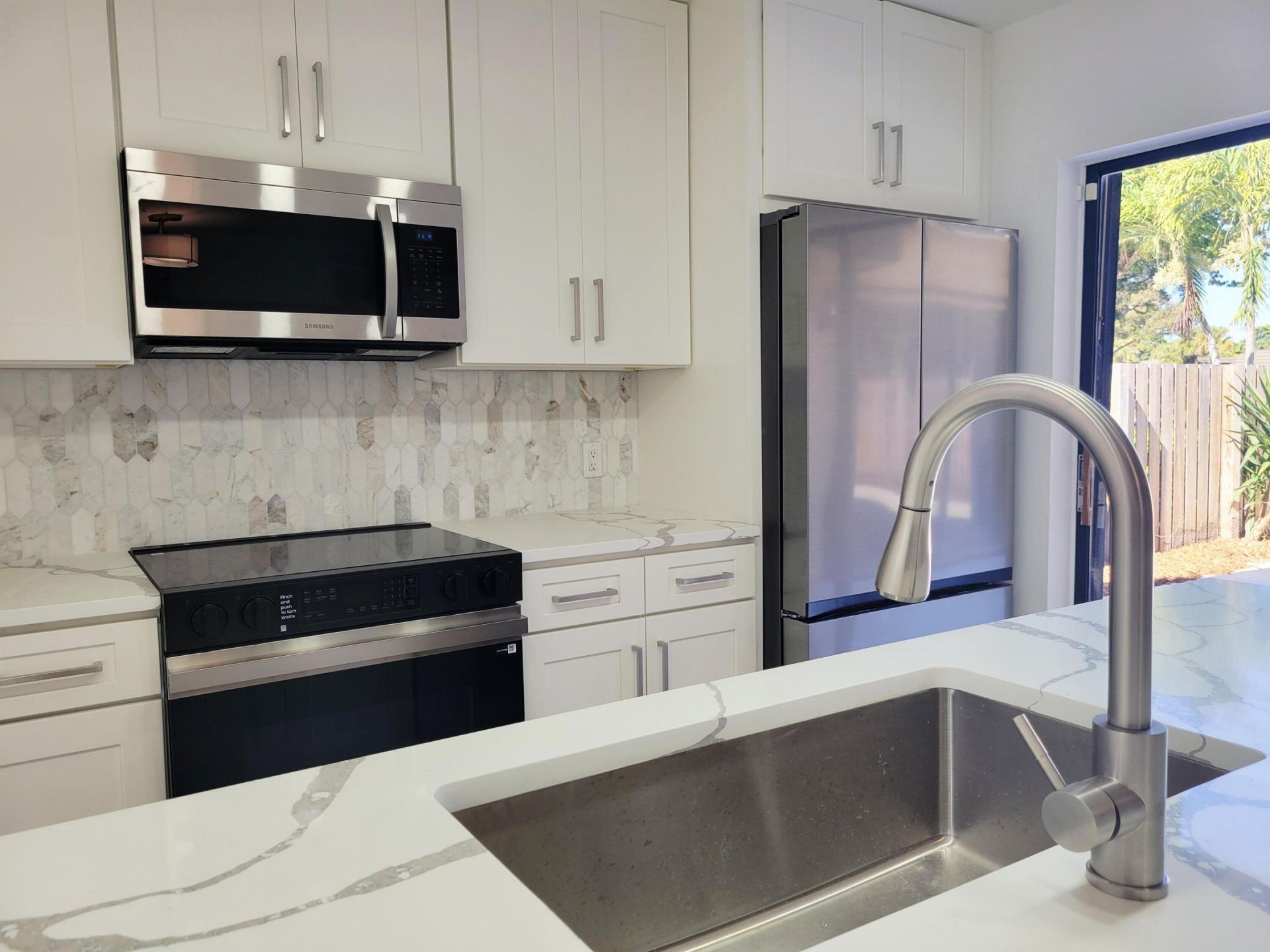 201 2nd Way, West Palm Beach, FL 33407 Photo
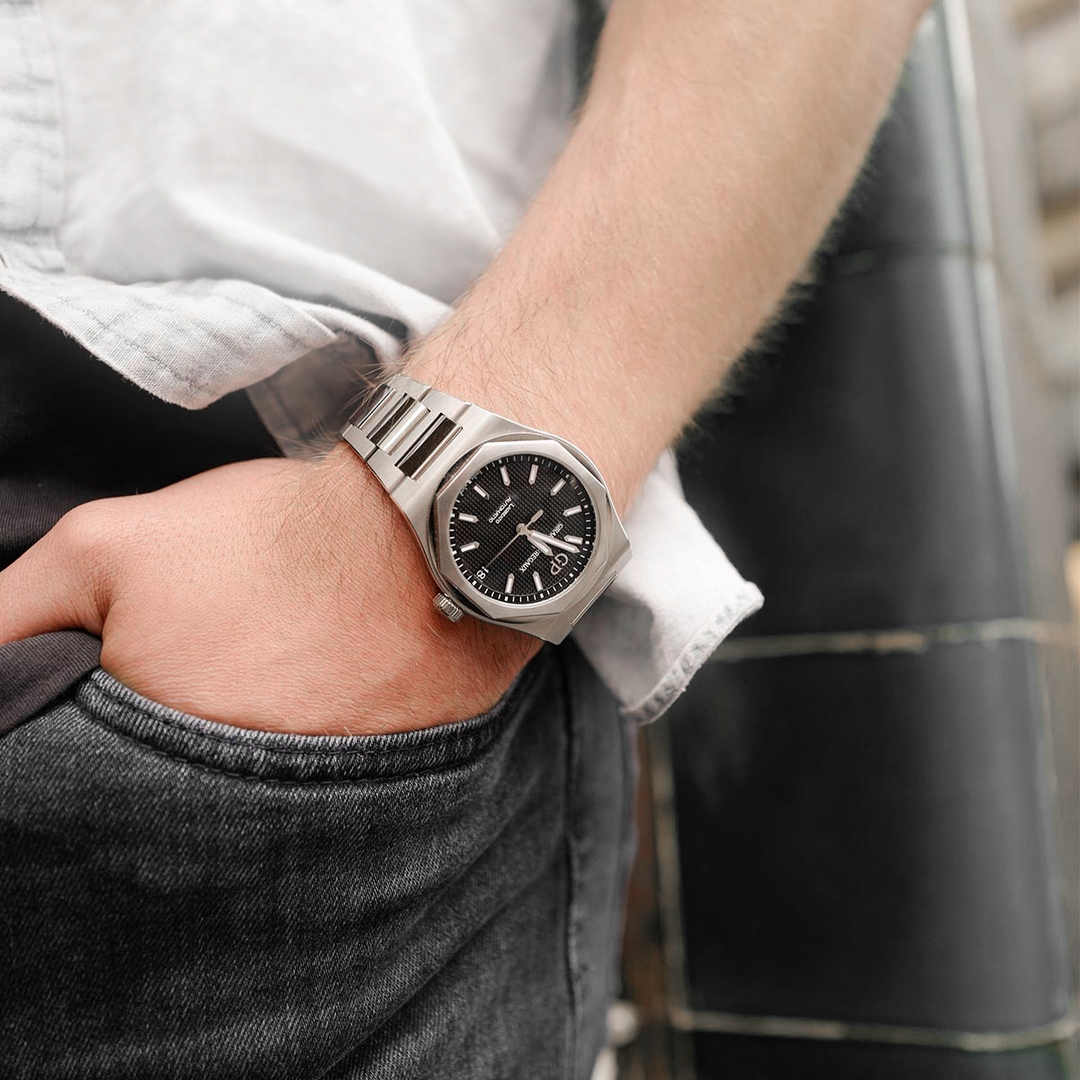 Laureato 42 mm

........

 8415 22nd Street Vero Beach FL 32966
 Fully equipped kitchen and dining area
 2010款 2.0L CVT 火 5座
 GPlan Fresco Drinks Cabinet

........

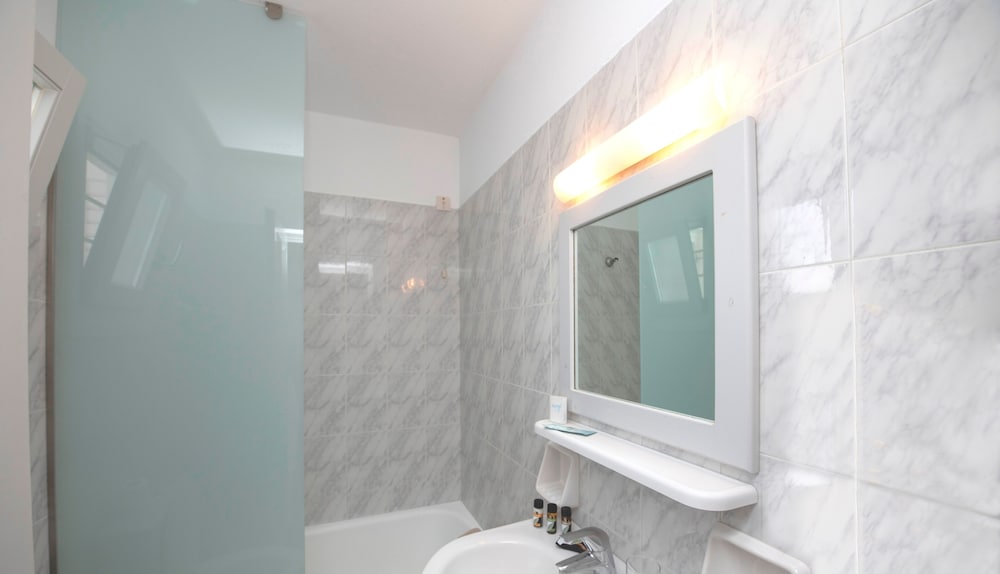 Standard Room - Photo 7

........

→ About this task
Above are some entries; copy exactly the lines from the line with "201 2nd Way, West Palm Beach, FL 33407 Photo" through the line with "Laureato 42 mm", both included, but none of the pictures.

→ Response to this exercise
 201 2nd Way, West Palm Beach, FL 33407 Photo
 Laureato 42 mm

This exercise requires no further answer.